7.1 The Formula that Killed Wall Street

This is how copulas became infamous. Very few mathematical formulas ever achieved such a huge popular recognition, even with clearly negative connotations, as the title of this section may suggest. Formulas rarely kill. Gaussian copulas (or, rather, applications of Gaussian copulas to pricing credit derivatives) have earned this distinction. As Felix Salmon [38] tells the story, it all started in the year 2000 when David X. Li, a former actuary turned financial mathematician, suggested a smart way to estimate default correlations using historical credit swap rates [29].

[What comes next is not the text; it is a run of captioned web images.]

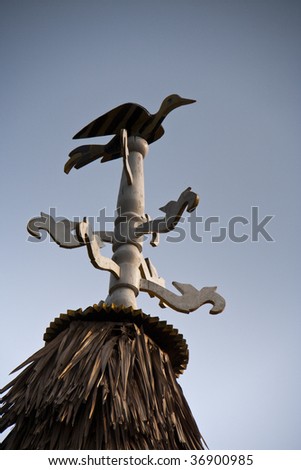 old style weather vane with a bird figure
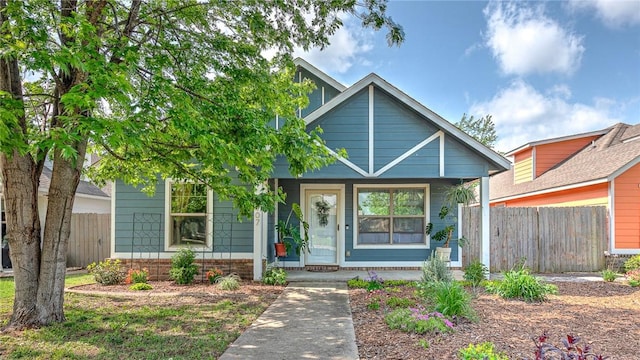 view of front of home with fence and covered porch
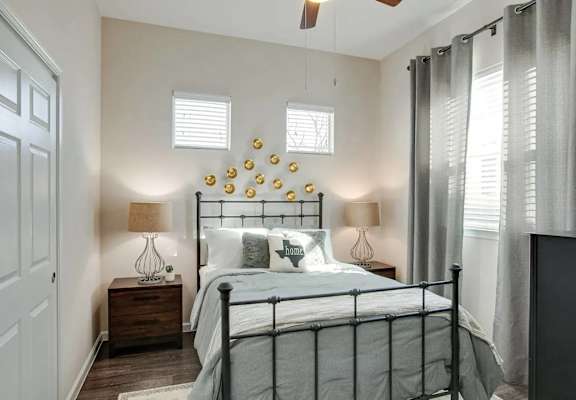A bedroom with a bed, nightstand, and a ceiling fan.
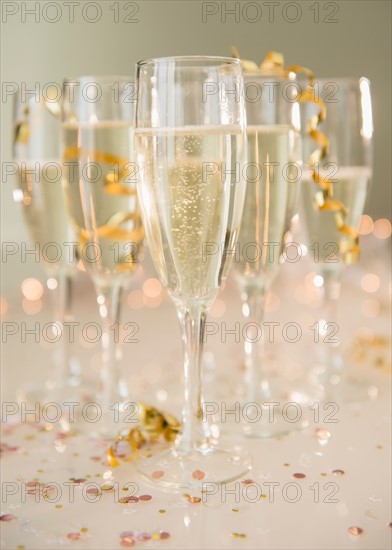 Champagne flutes on table decorated with confetti and streamer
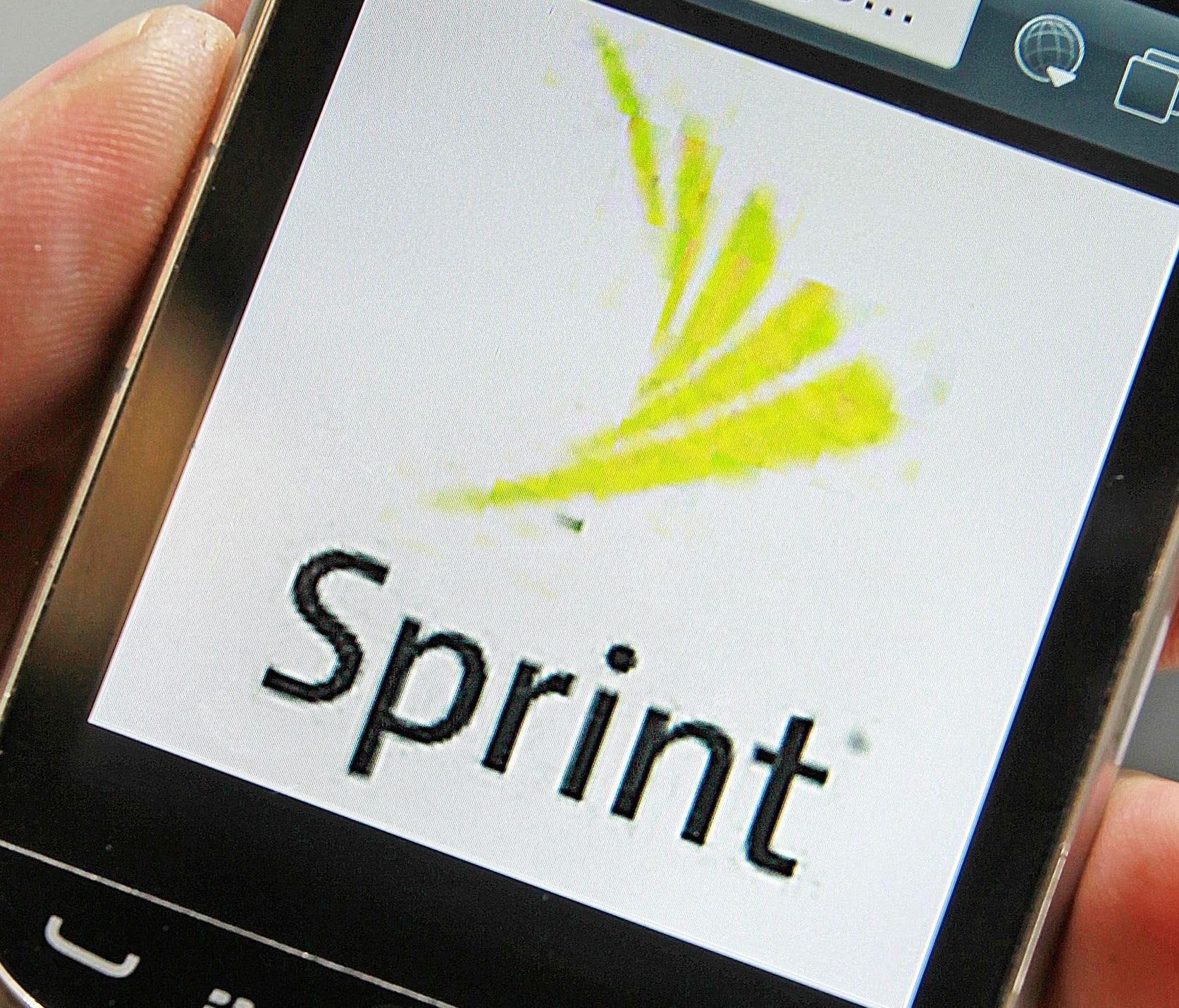 File photo taken in 2013 shows a Sprint logo is displayed on a smart phone in Montpelier, Vt.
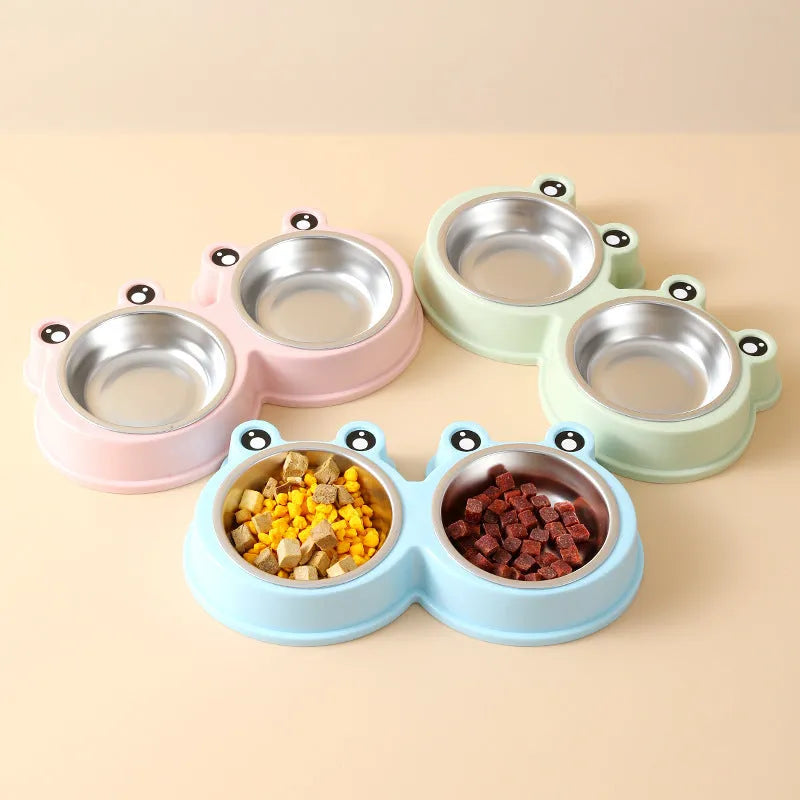 Blue double compartment pet feeding bowl with stainless steel frog-shaped water bowl attached.
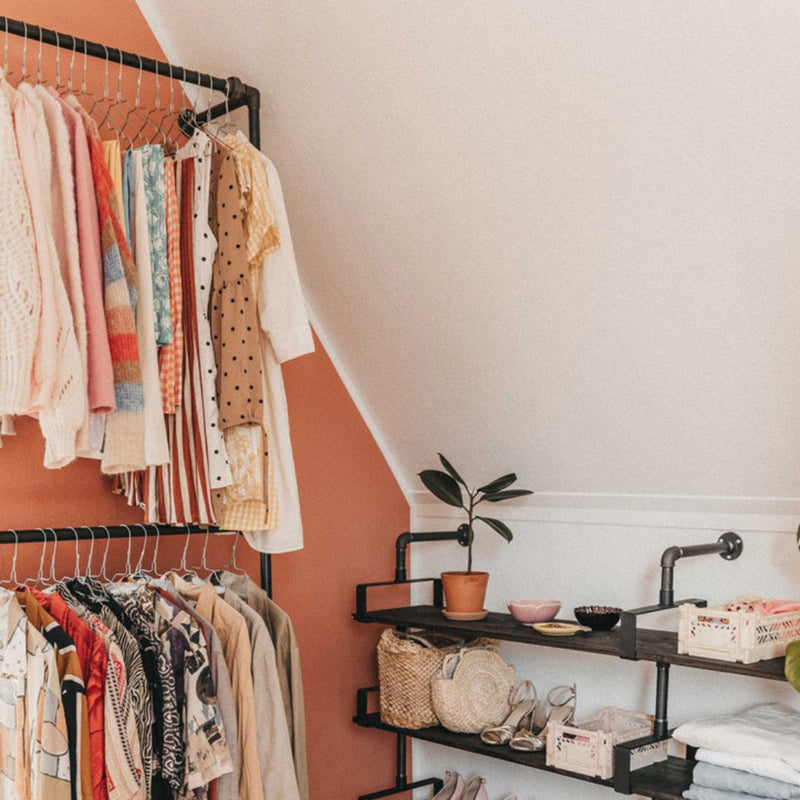 Open closet design with wall mounted rack and shelves made from dark iron pipes for stability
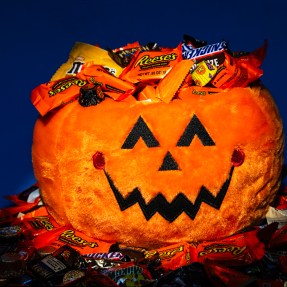 A stuffed Halloween pumpkin covered with and surrounded by candy.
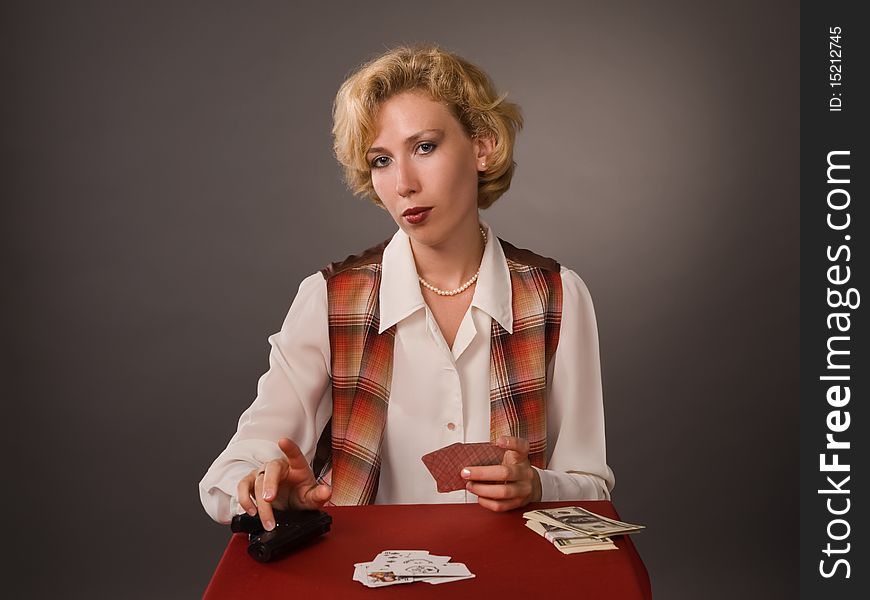 The pretty woman with cards on a grey background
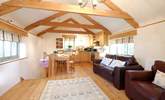 The cosy open plan living-room. - Thumbnail Image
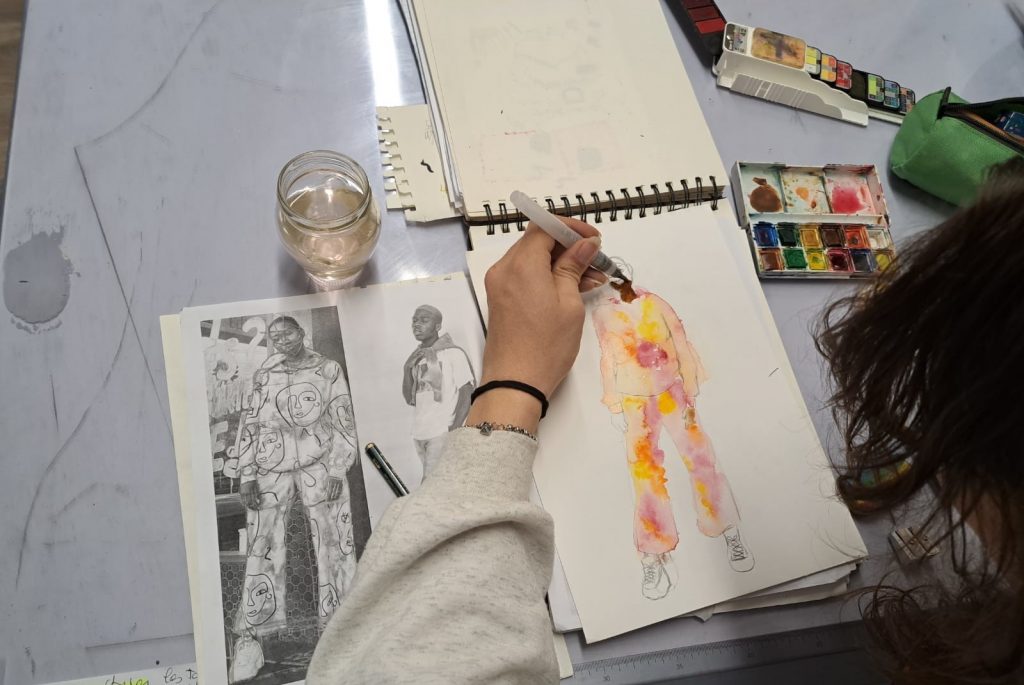 Élève en train de dessiner des modèles de mode lors d'un cours de dessin à l'école de mode.
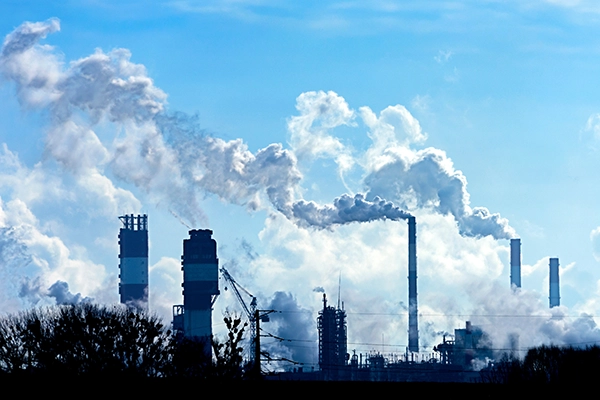 Factory with multiple smoke stacks against blue sky. Meteorological monitoring, Air Testing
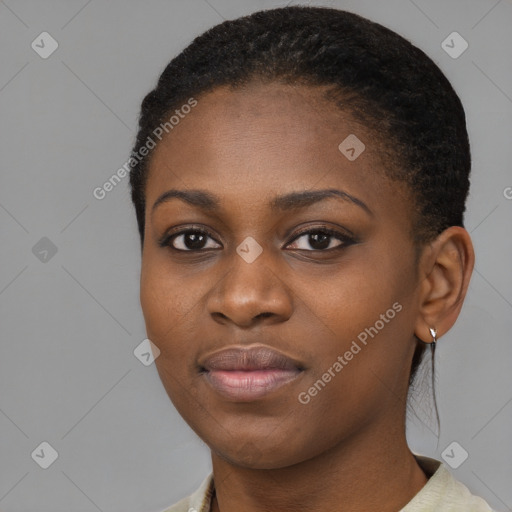 Joyful black young-adult female with short  black hair and brown eyes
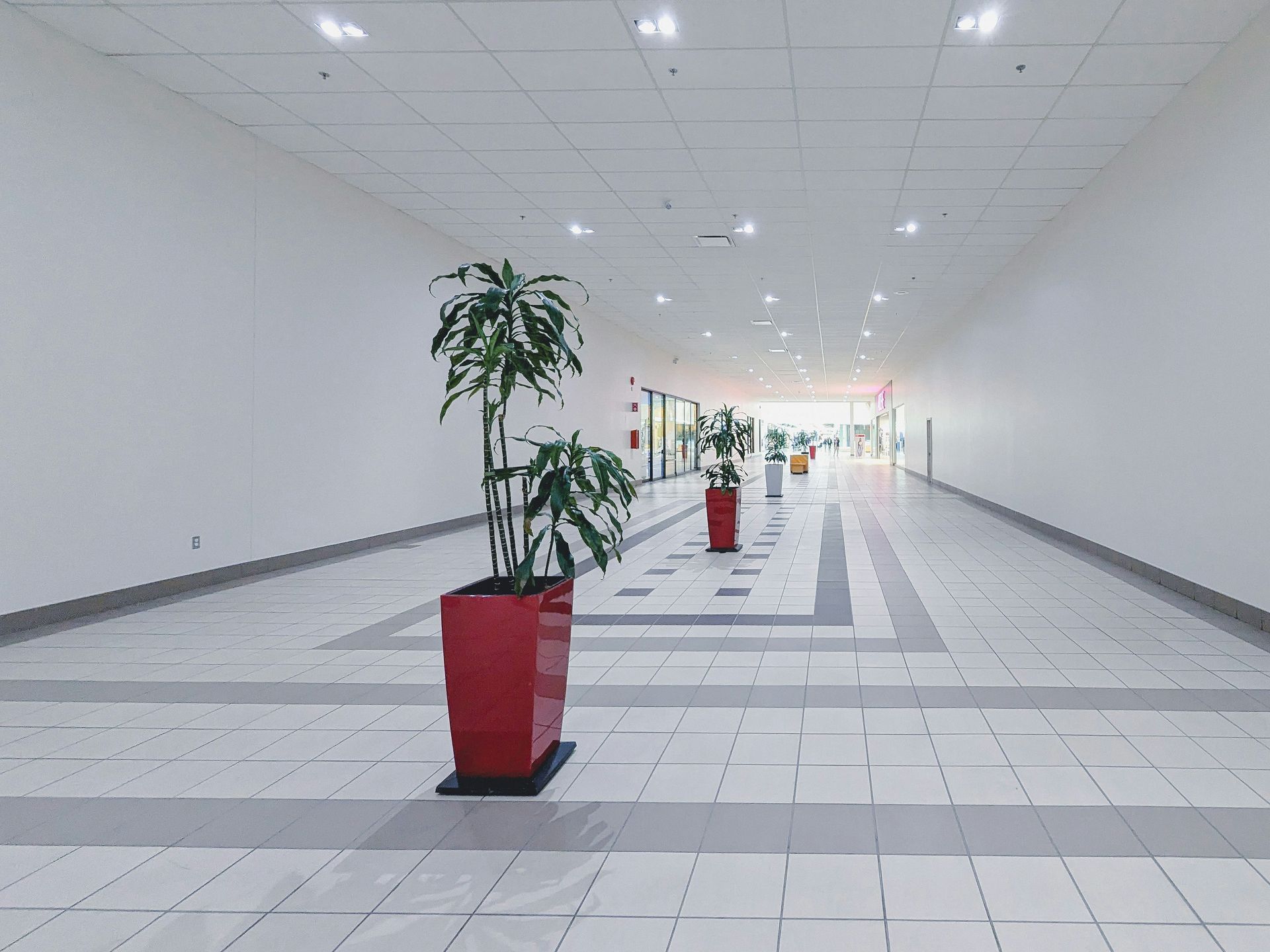 Empty mall hallway with white walls and red planters.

The approach suggested by Li was indeed very attractive. Being able to use correlation structure to define dependence, as was discussed in Chapter 5, really simplifies the problem of building a model for joint distribution. As we have mentioned, this is how it works for multivariate normal distribution: all dependence that may exist between the components of a Gaussian random vector can be expressed in terms of the correlation matrix. In the bivariate case the correlation matrix degenerates into just one number: the correlation coefficient.

By that time (the turn of the new millennium) it was already well known that Gaussian approximation was not working very well for many financial variables. Empirical observations of the long-term behavior of daily stock price returns, market indexes, and currency exchange rates had exposed some strange ...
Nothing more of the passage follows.